Data shown START

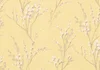 daro-laura-ashley-'pussy-willow-camomile'-fabric.jpg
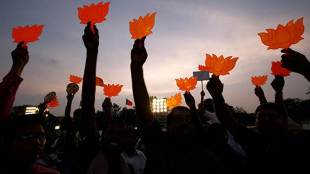 lok sabha elections 2019, Elections 2019, General Elections 2019, BJP, Narendra Modi, pm modi, Lok Sabha polls, People's Democratic Party, PDP 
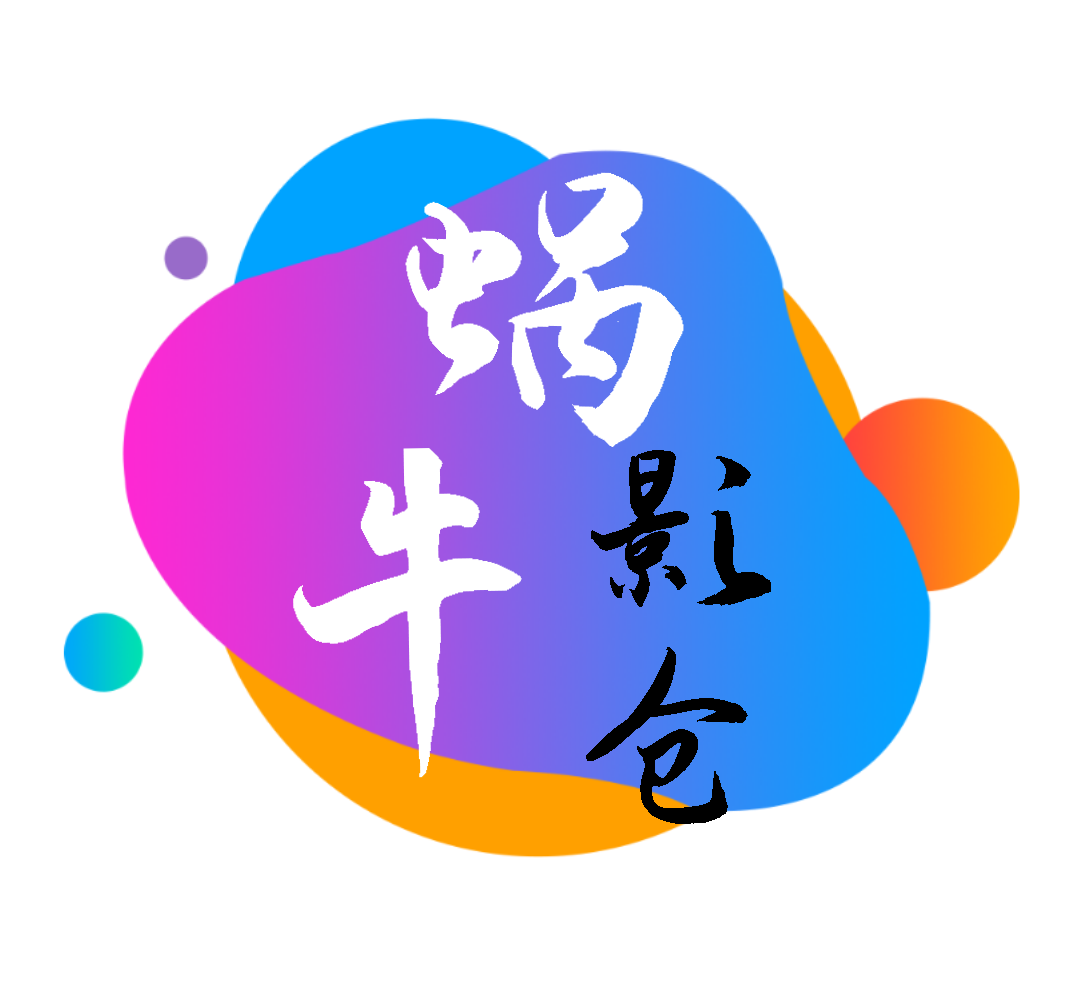 桃花视频APP应用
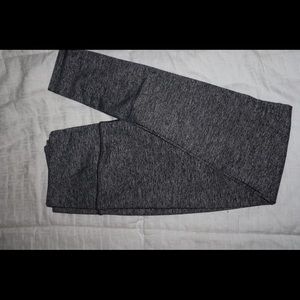 Victoria Secret Activewear Leggings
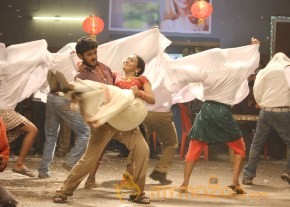 Jockey Movie Latest photos photo 47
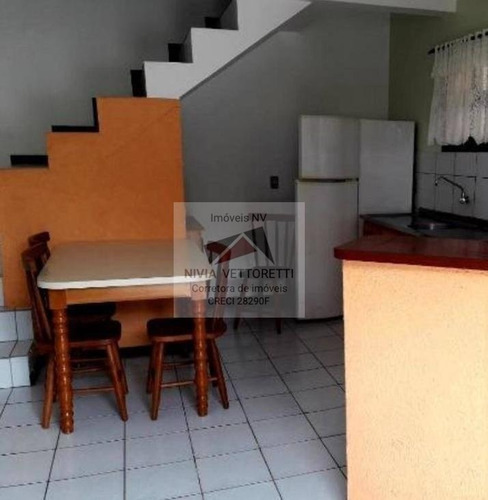 Pousada A Venda No Bairro Ingleses Do Rio Vermelho Em - 3380-1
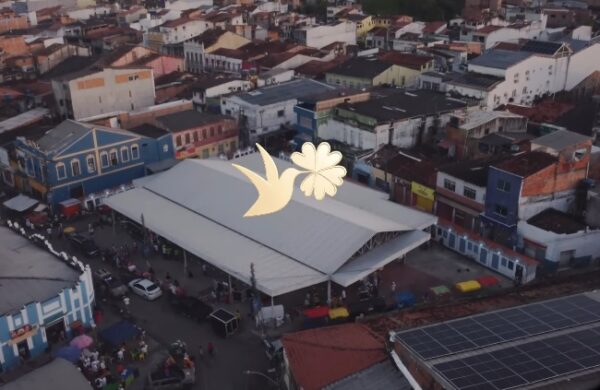 confira essa noticia: Beija-Flor homenageia o Bembé e a luta negra no Carnaval 2026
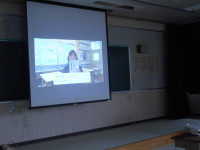 DSCN0949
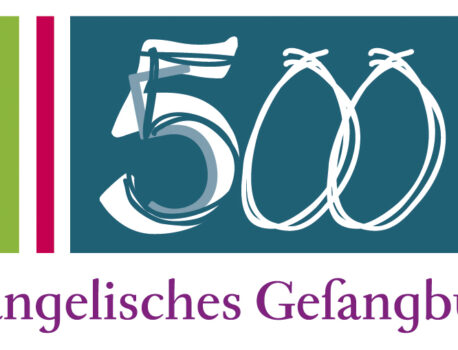 Musik an St. Michael: 500 Jahre Evang. Gesangbuch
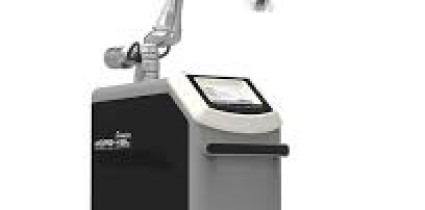 Sửa máy trị sẹo tại Hà Nội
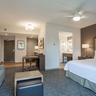 Photo 7 - Homewood Suites by Hilton Saratoga Springs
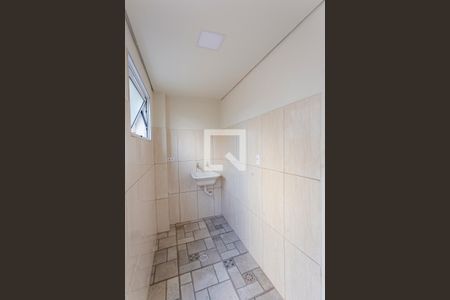 Casa à venda com 190m², 3 quartos e 2 vagas Casa à venda com 190m², 3 quartos e 2 vagasLavabo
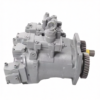 244_3 EX200-5 EX220-5 EX230-5 Hydraulic Piston Gear Pump Spare Parts Construction Industry HPVO102 9155416 9147340 9149225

Data shown END

**Task item**
Transcribe all records verbatim and omit each image.

**Result of the task**
 daro-laura-ashley-'pussy-willow-camomile'-fabric.jpg
 lok sabha elections 2019, Elections 2019, General Elections 2019, BJP, Narendra Modi, pm modi, Lok Sabha polls, People's Democratic Party, PDP 
 桃花视频APP应用
 Victoria Secret Activewear Leggings
 Jockey Movie Latest photos photo 47
 Pousada A Venda No Bairro Ingleses Do Rio Vermelho Em - 3380-1
 confira essa noticia: Beija-Flor homenageia o Bembé e a luta negra no Carnaval 2026
 DSCN0949
 Musik an St. Michael: 500 Jahre Evang. Gesangbuch
 Sửa máy trị sẹo tại Hà Nội
 Photo 7 - Homewood Suites by Hilton Saratoga Springs
 Casa à venda com 190m², 3 quartos e 2 vagas Casa à venda com 190m², 3 quartos e 2 vagasLavabo
 244_3 EX200-5 EX220-5 EX230-5 Hydraulic Piston Gear Pump Spare Parts Construction Industry HPVO102 9155416 9147340 9149225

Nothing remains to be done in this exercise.